Bagcilar Medical Bulletin (Jun 2021)
Comparison of the Effect of Different Anesthesia Maintenance on Hemodynamics in Coronary Artery Bypass Grafting Surgery: A Retrospective Cohort Study
Abstract
Objective:General anesthesia management in coronary artery bypass graft surgery (CABGC) should preserve myocardial function, prevent ischemic damage, and maintain stable hemodynamics. There is not a universally accepted technique for anesthetic management during CABGC. Drugs or drug combinations and maintenance of infusions are decided based on the pathophysiological condition of the patient and the individual preference and experience of the anesthesiologist (1). Although there are many studies about an anesthesia induction in CABGC, studies about anesthetic maintenance are very limited. In this study, we compared the hemodynamic effects of three different methods that were used in anesthetic maintenance in CABGC.Method:The retrospective records of 108 patients in ASA II-III group who underwent elective CABGC were divided into 3 groups according to their anesthetic maintenance methods. Group I was maintained with 1-3% sevoflurane and fentanyl 4 mcg/kg/hour infusion, group II with propofol 1.5-4 mg/kg/hour and fentanyl 4 mcg/kg/hour infusion, and group III with propofol 1.5-4 mg/kg/hour and remifentanil infusion of 0.03 mg/kg/hour.

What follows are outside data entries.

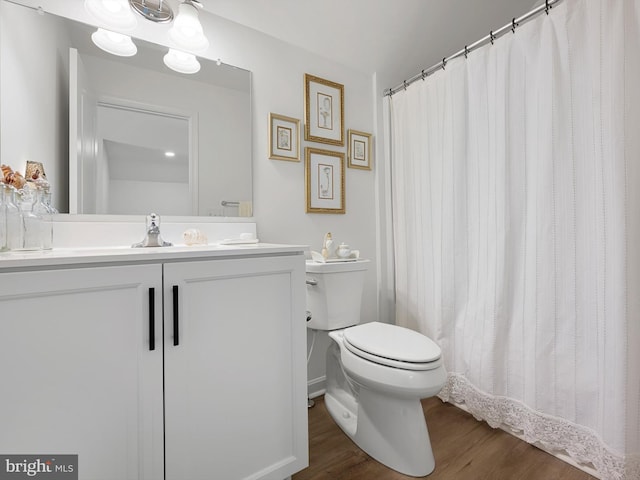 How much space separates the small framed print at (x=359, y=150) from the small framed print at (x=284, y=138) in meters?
0.40

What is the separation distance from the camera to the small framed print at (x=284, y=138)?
1.68 m

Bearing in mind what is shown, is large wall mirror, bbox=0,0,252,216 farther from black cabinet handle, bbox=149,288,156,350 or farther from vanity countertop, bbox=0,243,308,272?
black cabinet handle, bbox=149,288,156,350

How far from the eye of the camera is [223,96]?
5.11 feet

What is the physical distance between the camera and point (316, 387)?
185 cm

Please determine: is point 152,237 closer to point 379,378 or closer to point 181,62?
point 181,62

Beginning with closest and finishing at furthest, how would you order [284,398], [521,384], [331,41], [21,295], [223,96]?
[21,295], [284,398], [521,384], [223,96], [331,41]

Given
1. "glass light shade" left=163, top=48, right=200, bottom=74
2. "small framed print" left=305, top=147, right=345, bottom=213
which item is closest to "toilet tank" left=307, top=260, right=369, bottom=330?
"small framed print" left=305, top=147, right=345, bottom=213

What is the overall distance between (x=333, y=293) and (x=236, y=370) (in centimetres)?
69

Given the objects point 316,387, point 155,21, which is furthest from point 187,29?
point 316,387

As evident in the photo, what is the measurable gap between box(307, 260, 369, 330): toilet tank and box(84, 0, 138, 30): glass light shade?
4.38 feet

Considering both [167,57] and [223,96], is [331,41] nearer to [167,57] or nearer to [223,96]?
[223,96]

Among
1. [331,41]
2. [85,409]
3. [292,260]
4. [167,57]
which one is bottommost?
[85,409]

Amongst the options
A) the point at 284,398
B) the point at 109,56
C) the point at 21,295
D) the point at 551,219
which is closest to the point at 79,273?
the point at 21,295

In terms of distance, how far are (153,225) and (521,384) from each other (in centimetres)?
174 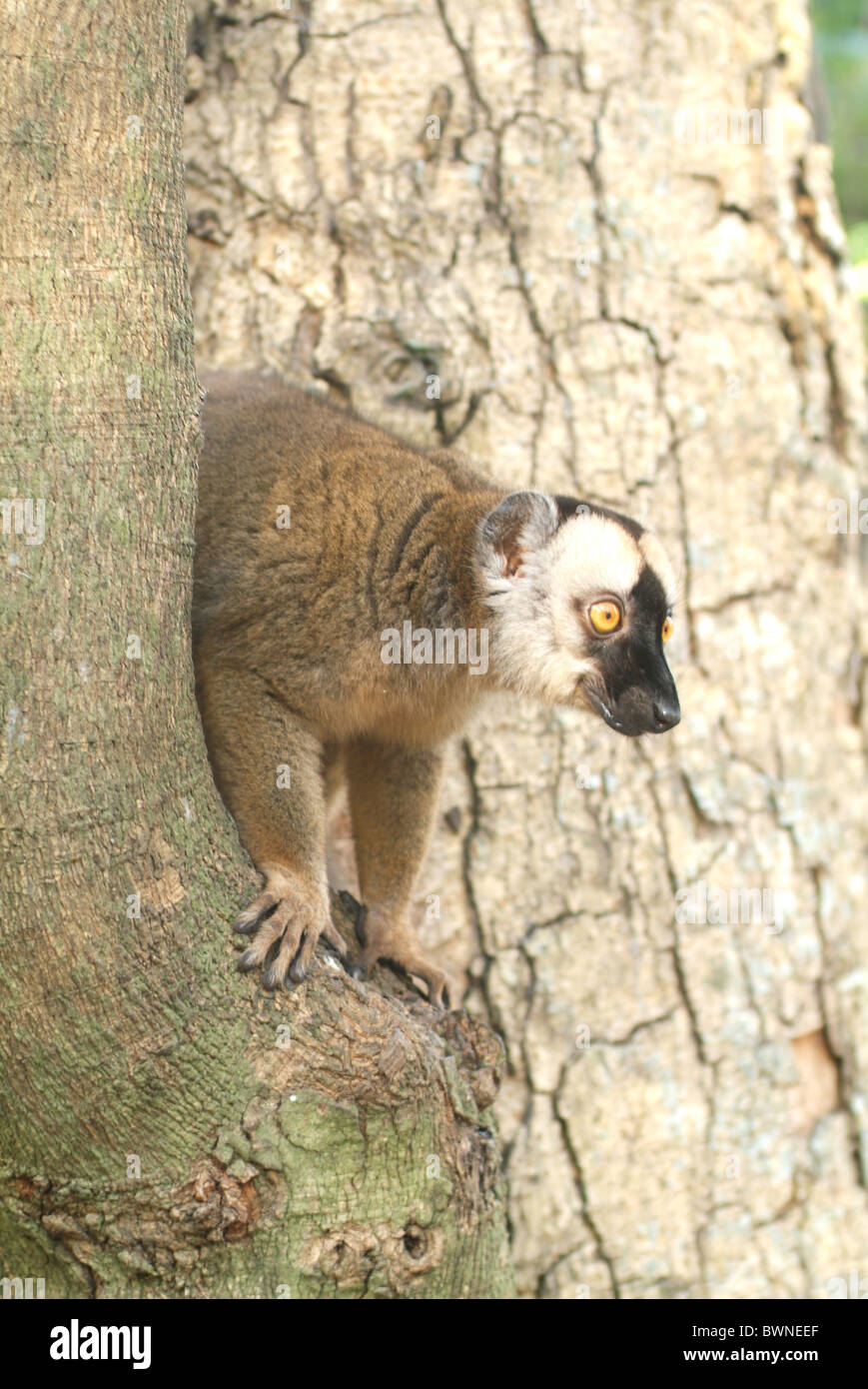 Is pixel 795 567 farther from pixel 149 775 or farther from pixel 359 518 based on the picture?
pixel 149 775

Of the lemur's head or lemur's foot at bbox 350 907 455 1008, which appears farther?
lemur's foot at bbox 350 907 455 1008

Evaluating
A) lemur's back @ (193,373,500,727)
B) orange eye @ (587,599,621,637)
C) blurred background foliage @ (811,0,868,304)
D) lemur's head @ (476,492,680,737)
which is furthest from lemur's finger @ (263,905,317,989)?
blurred background foliage @ (811,0,868,304)

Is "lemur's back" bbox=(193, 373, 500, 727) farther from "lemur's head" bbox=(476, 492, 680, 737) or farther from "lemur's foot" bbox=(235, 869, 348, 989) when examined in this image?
"lemur's foot" bbox=(235, 869, 348, 989)

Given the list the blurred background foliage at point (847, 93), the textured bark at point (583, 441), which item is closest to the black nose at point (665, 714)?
the textured bark at point (583, 441)

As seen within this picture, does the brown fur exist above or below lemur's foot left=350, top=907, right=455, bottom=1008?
above

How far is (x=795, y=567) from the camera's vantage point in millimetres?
6023

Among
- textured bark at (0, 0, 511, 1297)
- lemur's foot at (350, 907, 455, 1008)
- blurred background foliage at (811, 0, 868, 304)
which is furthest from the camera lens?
blurred background foliage at (811, 0, 868, 304)

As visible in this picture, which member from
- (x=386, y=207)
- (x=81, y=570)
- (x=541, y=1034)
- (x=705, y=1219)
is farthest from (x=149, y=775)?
(x=705, y=1219)

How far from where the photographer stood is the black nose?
439 centimetres

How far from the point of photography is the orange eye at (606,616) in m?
4.67

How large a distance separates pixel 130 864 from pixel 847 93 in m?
9.74

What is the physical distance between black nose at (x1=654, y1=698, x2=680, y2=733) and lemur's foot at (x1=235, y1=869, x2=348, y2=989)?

Systolic blood pressure, diastolic blood pressure, mean arterial pressure (MAP) and heart rate (HR) were measured and recorded after induction (T0), after sternotomy (T1), after pericardiotomy (T2), 5 minutes after cardiopulmonary bypass (CPB) (T3), after thorax closure (T4), at the end of the operation (T5). The vasodilator requirements in the time period before CBP and the inotropic agent requirements after CPB were noted.Results:Data of 108 patients (88 men/20 women) were analyzed. Demographic characteristics of the patients were similar in all the groups. Statistical analysis was made among the groups depending on coronary artery bypass graft number, cross-clamp time, total fluid administration, total blood transfusion, total urine volume, inotropic agent requirement after CPB, postoperative central venous pressure, and pre- and postoperative lactate levels; however, there was no statistical difference. There was not change more than 20-25% in MAP and HR in group I than the others.Conclusion:Better hemodynamic results were achived with sevoflurane and fentanyl in the anesthetic maintenance of CABGC.